On 16 January, Hitler returned to the partly bombed Chancellery in Berlin to be nearer to the Eastern Front. He now decided that the Western Front should go on the defensive to release troops to fight in the east. He also decided that they must hit the southern flank of the Russian spearhead and Hitler ordered Guderian to send the Sixth Panzer Army to Hungary. It was necessary, Hitler said, to hang on to the oil fields in Hungary, otherwise there would be no fuel for the Panzers.
General Nehring's XXIV Panzer Corps was stemming the Russian attack around Kielce, but the XLVI Panzer Corps had to pull out of the Warsaw area when it risked being encircled. It was supposed to go south to stop a Russian breakthrough that would cut East and West Prussia off from the rest of Germany. But the Russians threw it back on to the north bank of the Vistula and began their dash on the German border unhindered.
The German garrison in Warsaw now risked being cut off. Guderian told Hitler that they should be withdrawn, but he grew angry and insisted that Warsaw be held at all costs. But the garrison commandant had little artillery and only four infantry battalions with limited combat experience. It would have been impossible for them to hold the city and the commandant withdrew his garrison despite Hitler's orders not to. Hitler was furious and spent the next few days investigating the loss of Warsaw rather than devoting himself to more pressing matters. When Hitler ordered the arrest of members of the general staff, Guderian said that he alone was responsible for the loss of Warsaw, so it was he who should be arrested, not his staff. Nevertheless Hitler had three of Guderian's staff arrested at gunpoint. Guderian again insisted that he was the one whose conduct should be investigated, so ending up subjected to lengthy interrogations at a time when he should have been concentrating all his efforts on the battle for the Eastern Front. Two of his staff were then released, but instead of returning to their staff duties were sent to command regiments on the Eastern Front. Three days later one of them was killed. The third member of Guderian's staff was sent to a concentration camp, which he later swapped for an American prisoner of war camp.

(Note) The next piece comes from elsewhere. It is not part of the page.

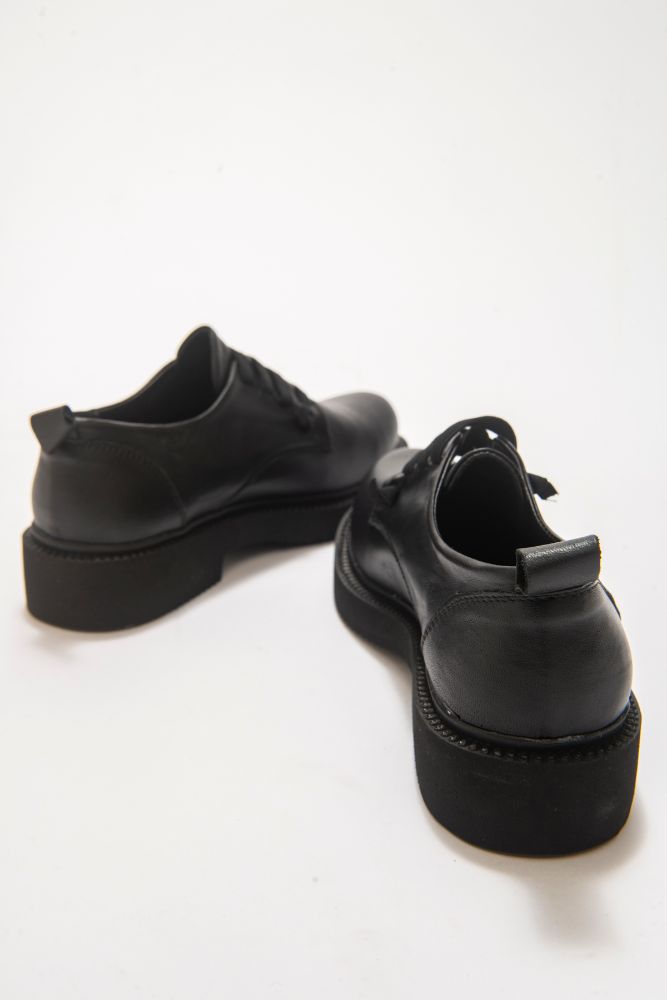 kadin-deri-kalin-taban-oxford-SIYAH-NHR223600-0043900_0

On 18 January, the Germans in Hungary attacked in an attempt to lift the siege of Budapest. They fought their way through to the banks of the Danube. But that same day the Russians entered the city, so the effort had been wasted. Nevertheless Hitler sent the Sixth Panzer Army to Hungary in an attempt to hold the Russians there.
On 20 January, the Russians first set foot on German soil. Guderian's wife, who had been under constant surveillance by the local Nazi Party, was then allowed to leave and flee to the safety of Guderian's headquarters, half an hour before the first shell landed in Deipenhof.

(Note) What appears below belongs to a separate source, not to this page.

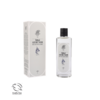 Rebul Kolonya Azure Noir 250Ml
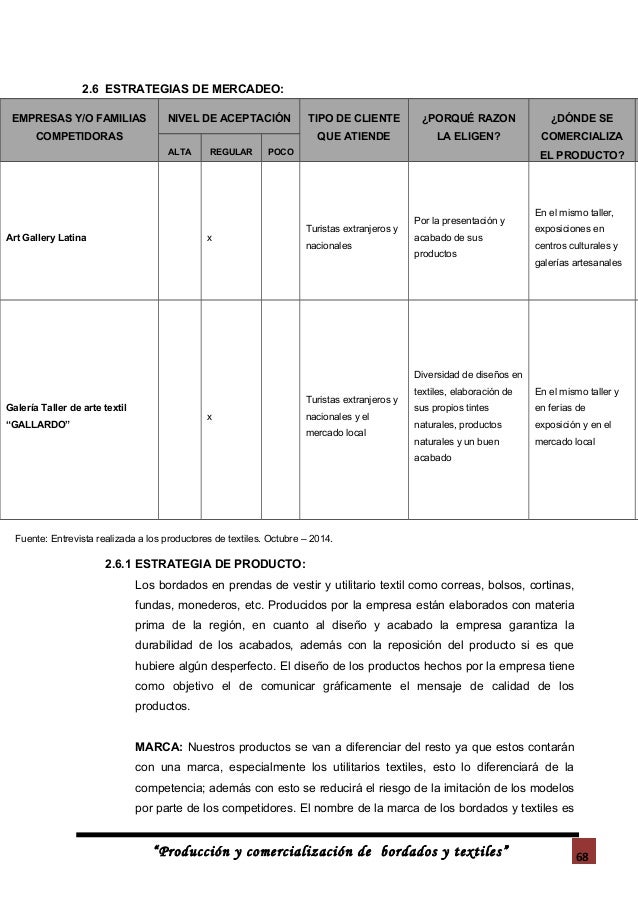 CURSO PERSONALIZADO - Diseño Creativo de Suelas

The Russian onslaught could not be resisted. Hitler began to accuse his Panzer commanders of treason. Guderian tried to calm him, but Reinhardt and Hossbach were relieved of their commands.
The Russians had now mastered the art of Panzer warfare. They advanced rapidly, bypassing strongpoints and outflanking fortified lines - though most of the fortifications in the east had been stripped to build the Atlantic Wall. Germany's only hope now was that the Western Allies would realize what the rapid Russian advance might mean for the future of Europe and sign an armistice. Guderian said that he proposed to the German foreign minister von Ribbentrop that he open negotiations for an armistice on at least one front - preferably the Western. Von Ribbentrop told Guderian that he was a loyal follower of Hitler and he knew that the Führer did not want to make peace.
`How would you feel if in three or four weeks the Russians were at the gates of Berlin?' said Guderian.
`Do you believe that that is possible?' asked a shocked von Ribbentrop.
When Hitler heard of this, Guderian too was accused of treason, though he was not arrested. Hitler had few enough able officers left.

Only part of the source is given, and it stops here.